Have you made the transition from self-publishing to traditional publishing? I’d love to hear what your experience was!


  1. How did the income from traditional publishing compare to self-publishing when you did eventually receive a payment?

    1. Not good! I generally earn about £100 every six months with my book under a traditional publisher, whereas it was around £150 every month when self-published. As well as the income issue, I’ve also found I have no motivation to promote the book – when it was self-published I could run a promotional campaign and see how it affected sales, but now I have no idea when sales happen.

  2. Hi Alison,

    One of the pro’s people often mention is the advance check and the fact that you don’t have to spend your own money on the book itself. Does that affect the fact that your paycheck got so much lower?

    And if you still have to spend the same on marketing, I would hope at least that the marketing money goes farther because you have more exposure… is that so?

    Thank you so much for your honest account of this!

    1. Hi Mark,

      I didn’t get an advance … the first royalty check was okay but since then I generally receive less than £100 every six months, and that’s across both print and ebook formats! Considering I used to earn around £150 a month when it was self-published, the sales are very disappointing. And because I can’t see real time sales figures it’s quite difficult to market because I have no way of seeing what works. I think I would definitely have stayed self-published, had I known – but it’s been an interesting experience overall.

  3. Hi Alison – Very interesting to read, and well put together advice for lots of people out there. You mentioned JK’s superior layout of your book etc. but readers need to know that self-publishing doesn’t mean you do everything yourself (although I know you are competent), merely that you keep the copyright. Indeed, to get recognition I’d always suggest getting the cover and layout done by an experienced freelancer… even if you are ‘self’-publishing.

  4. Hi Alison – that is really interesting and helpful. My first book was published by Routledge, but am working on another one now. It will take me a few years, but its good to read posts like this along the way, so thank you for sharing your experience.

  5. Thank you so much for this post! I am targeting JKP in a few months for my YA novel I’m almost finished drafting (draft #1). Your honest review of your experience with JKP vs self publishing was immensely helpful that I haven’t been able to find previously

  6. Good blog post. I didn’t even attempt to find a traditional publisher for my books as I felt they were niche books & I didn’t want someone else to control my voice. I had also previously worked as an assistant for a publishing company and I got to see how slow the process was. My first self-published novel sold to at least 10 countries. While I didn’t make a lot of money (soon gets buried on Amazon), it was a huge personal achievement to write the book with a brain struggling with significant cognitive impairments & to do everything myself. I intend to self-publish again. No deadlines etc.

  7. Hi Alison,
    I have self-published a children’s book and 2 weeks ago I submitted a non-fiction manuscript to JKP – so haven’t received an outcome yet.
    I found your article VERY interesting, informative and helpful.
    I used TellWell Talent to self-publish my children’s book and continue to be happy with their transparency.
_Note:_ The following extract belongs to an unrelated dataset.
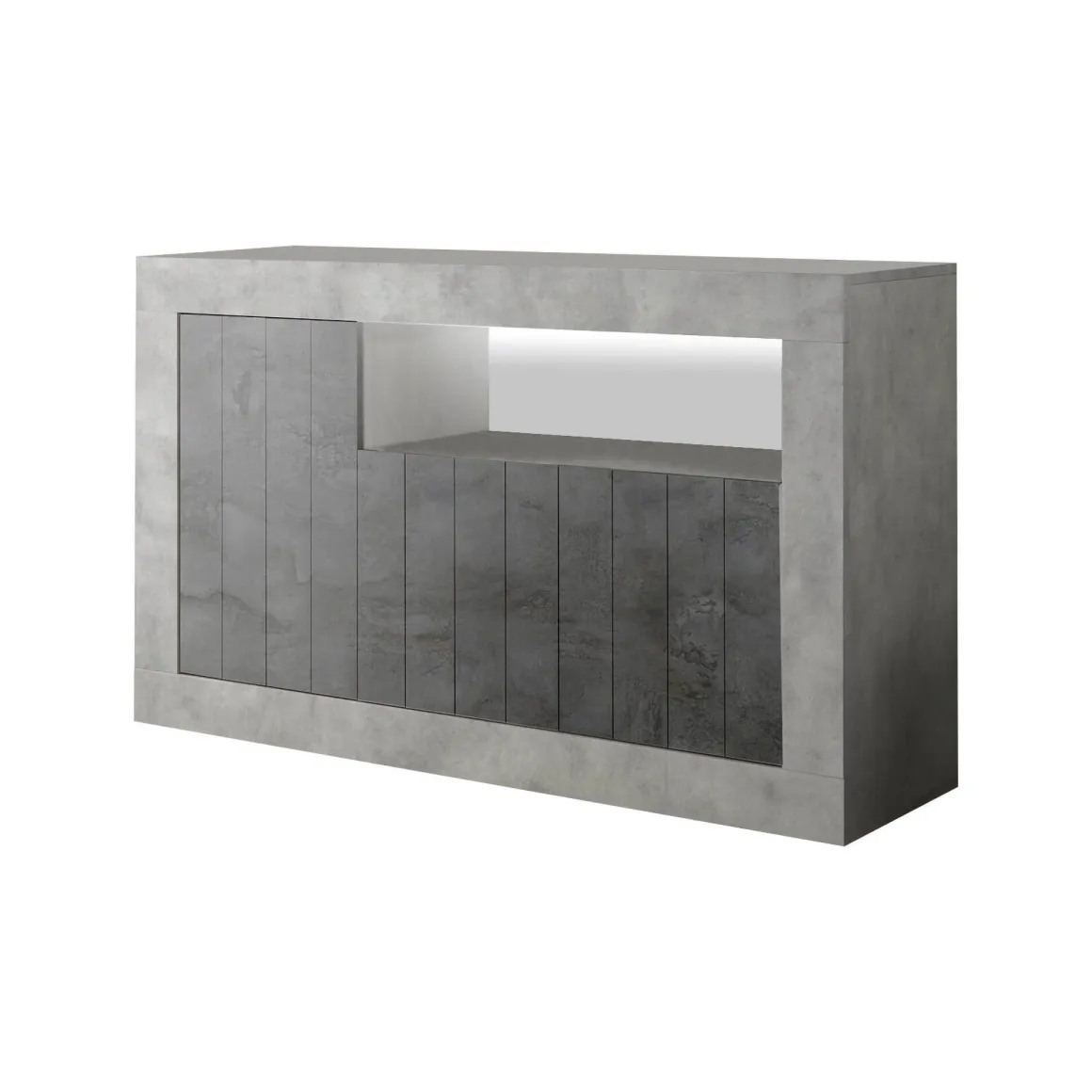 Credenza cemento e ardesia 138x42x86h cm 3 ante - Dolphin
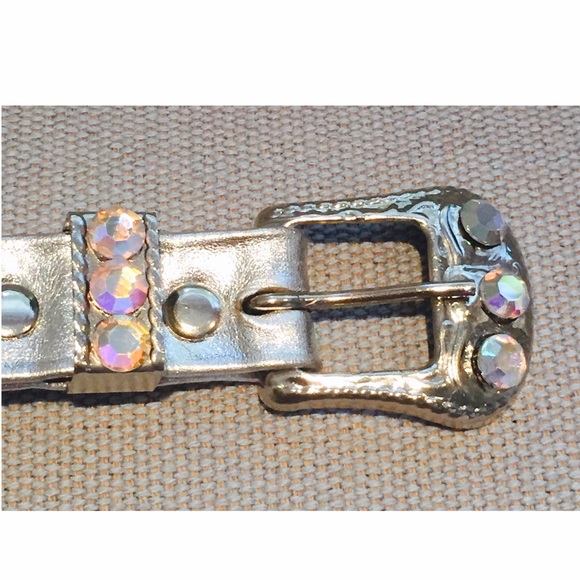 🚫SOLD 80s Bracelet Metallic Leather Rhinestone - Picture 2 of 8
Their Author portal is easy to use and I can track my monthly sales and royalties earned.
    But I thought that a traditional publisher would do the marketing for me, as this seems to be harder and more time consuming than writing a book.
    Your comments about your experiences has opened my eyes and shocked me a little. I thought that ‘an advance’ was a given in the traditional publishing world and the lack of transparency regarding sales etc is a significant concern.
    Thank you for sharing your insight – it has been thought provoking!

    1. Glad to have provoked some thoughts! That was my view too – they’re a big publisher, they’ll want to promote my book – but other than literally the first couple of days when it was published, they did nothing. Definitely worth pumping them for info on what they will do for your book, should they accept it. Good luck, whichever way you publish!